# Finding out tomorrow



## kimmy04

Not really sure if I should post in here since I'm not sure how I would feel to hear "it's a boy!" 

The first time I was pregnant I obsessed about having a baby girl and shopping for girly things. I grew up with a sister 1 year apart and we were best friends, I always imagined the same for my kids. 

When I was told its a boy with my first.. I wasn't really upset. A little surprised but still excited as I always wanted more kids and knew I could get a girl next time. I am now 1 day away from my gender scan for baby 2 and I'm super nervous. We have decided this will be our last baby. I feel like it's another boy for lots of reasons and I'm really hoping to be excited if it is.
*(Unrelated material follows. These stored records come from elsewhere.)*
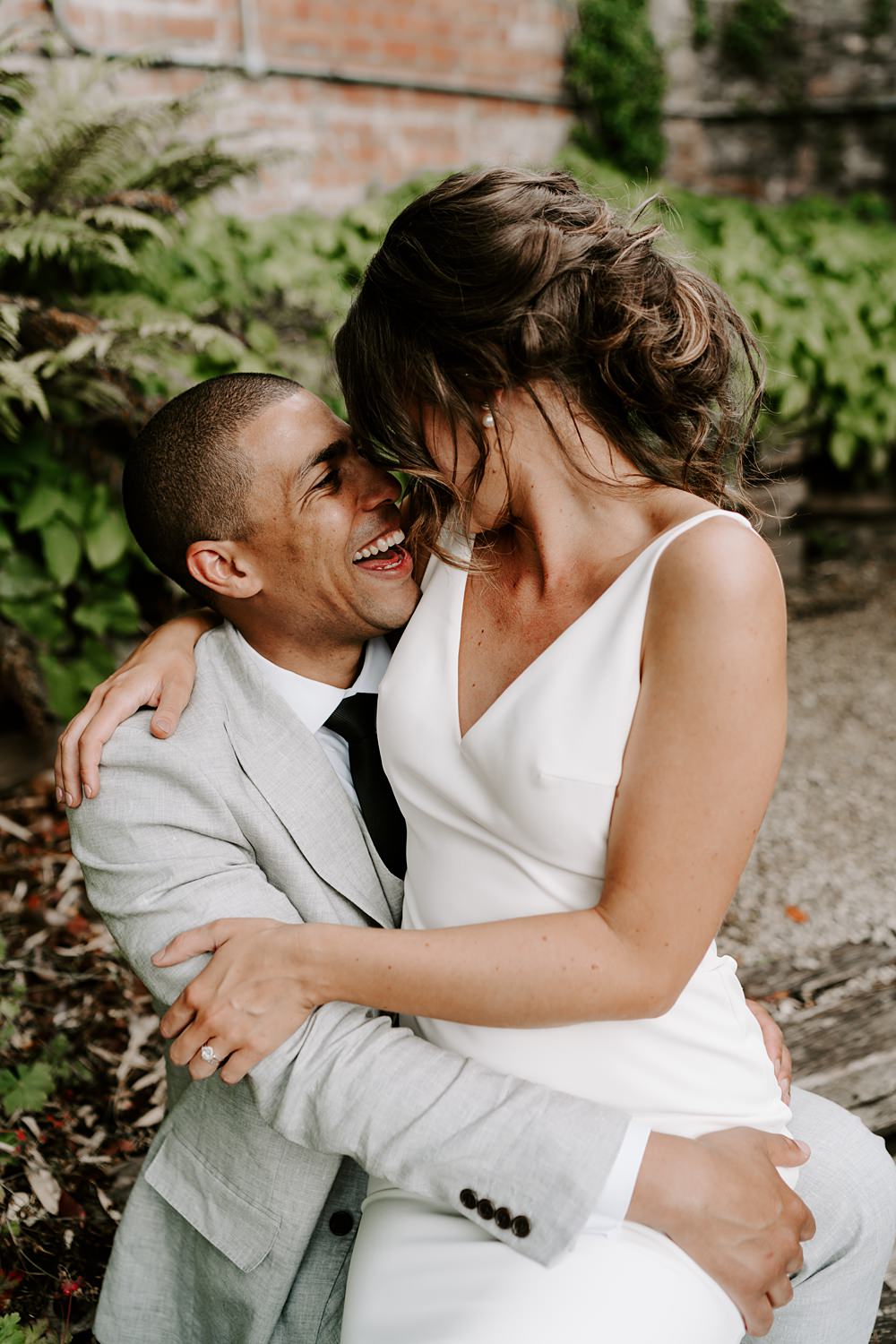 Wedding Ceremony At Home Gina Fernandes Photography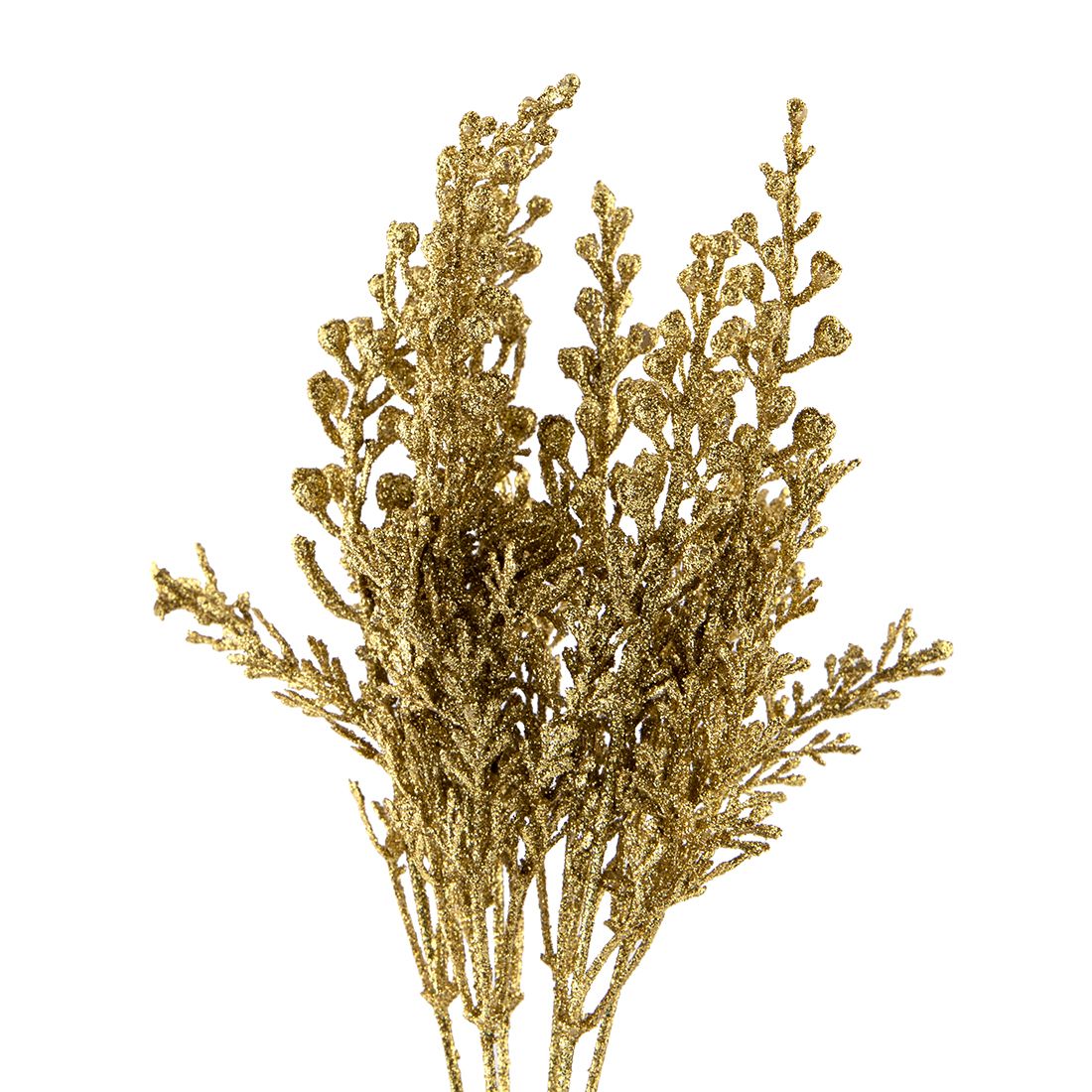 Ramo Artificial Dorado 33cm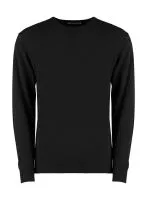 Regular Fit Arundel Crew Neck Sweater Black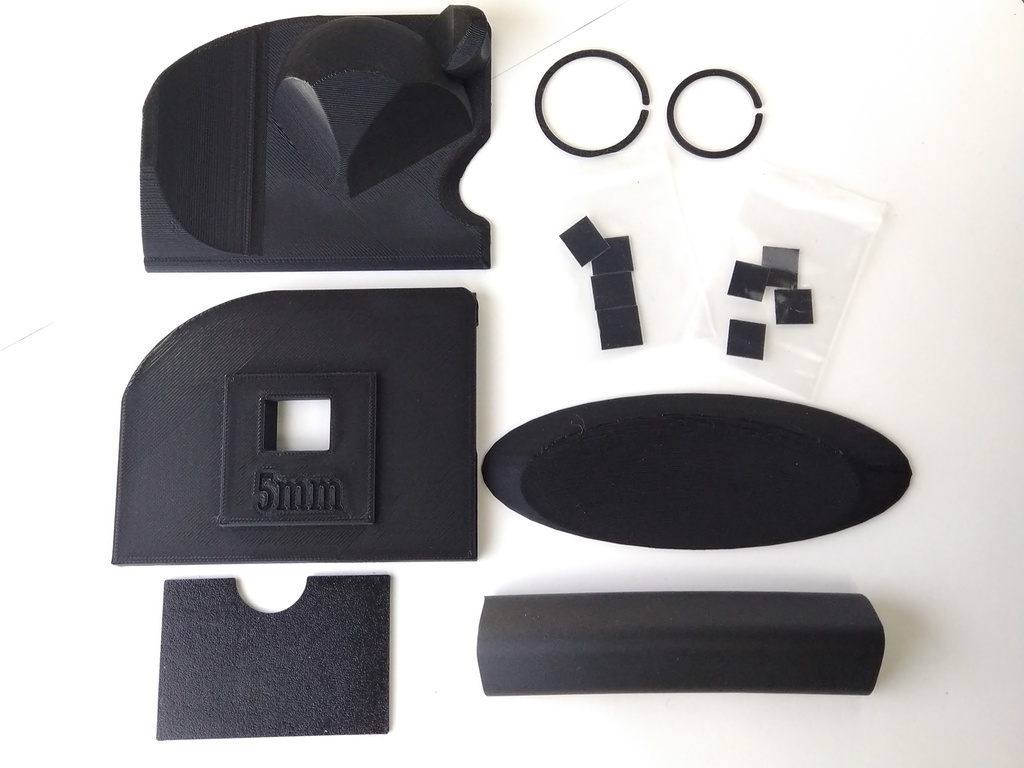 レバレスアケコン用パームレスト・リストレストセット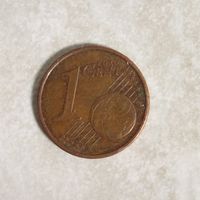 1 евроцент 1999 Франция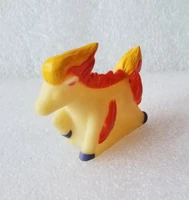 tomy pokemon action figure refers to the humanoid finger puppet ex cashapou candytoy ponyta rare out of print model toy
After going through a miscarriage right before this pregnancy I really do just want good news no matter what the gender.. But I can't help but feel I'll be sad knowing I'll never have a daughter. My son says he wants a sister too. 

I will update tomorrow when I find out but just looking for support in case I do feel a little sad. May need some reminders about why boys are SO awesome!!


----------



## Beneli

Aww...sorry to hear that you're in the super anxiety zone of being so close to that gender scan! I've been there and done that as have most of the ladies on this forum! I have two boys who are 22 months apart. I cried and cried and cried when I found out baby #2 was a boy. It took a little while, but once they were old enough to interact together, I was completely smitten! I LOVE being a mom of boys. So much so, that finding out baby #3 was a girl actually made me panicky because I didn't want to break the awesome vibe we have going of laid back boys, laughing about gross boy things, frog hunting, and adorable plaid shorts with polos. My experience has only been that the boys adore me and think I'm the princess of the house. You will totally get settled into being a boys mom if baby #2 end up being a boy, and I'm so very sure you will end up loving it!


----------



## Misscalais

Hope you hear girl but if not two boys will be best friends! I'm having my 3rd my 1st two are 14 months apart and are just the best of friends, sure they fight and carry on sometimes but the bond I see between them I've never seen it with other children before its great :)
I have 3 sisters and 1 brother, my older sister rejected me, never liked me and in fact tried to drown me in the bath once when we were little. We are 21 months apart and have a great relationship now but it wasnt good until she had her son when she was 19. I'm closer with one of my younger sisters who is 3 years younger then me. :)


----------



## kimmy04

Thanks ladies! 

I think what worries me the most isn't even about another boy. I think I'm worried they will be too far apart in age. I always wanted my kids close together. My son was a surprise while on the pill so I always assumed I would get pregnant first try when we were trying. When he was a year old we started trying and it took forever! So weird how things work sometimes; then when I did get pregnant it ended in a miscarriage. I got pregnant again shortly after but now I worry about them being 3 years apart. Will brothers still have that close bond even with a 3 year gap?


----------



## george83

I literally could have written your posts myself. I always grew up wanting a daughter and when I was pregnant with my first I just knew it was going to be a boy which he was. When I was pregnant me and my oh went through a really rough time which built up a wonderful bond between me and my son which I love. When I fell pregnant again we would have had a 2 year age gap but I still desperately hoped for my little girl. However that ended in a mmc at 10 weeks. When we fell pregnant after that I like you just wanted a healthy baby. We stayed team yellow as I knew I'd be so disappointed if we had another boy, my pregnancy was so different to my first that I was hopeful of getting my girl but we went on to have another boy. Of course I love him to pieces. I can't wait until they are old enough to play together and I always think of the positives of having two boys but it doesn't stop me being sad


----------



## motherofboys

When DS1 was 20 months, DS2 was born. 
When DS1 was 4yrs 1 month and DS2 was 2yrs 4 months, DS3 was born
When DS1 was 7yrs 8 months and DS2 was 6yrs 1 week and DS3 was 3yrs 7 months DS4 was born.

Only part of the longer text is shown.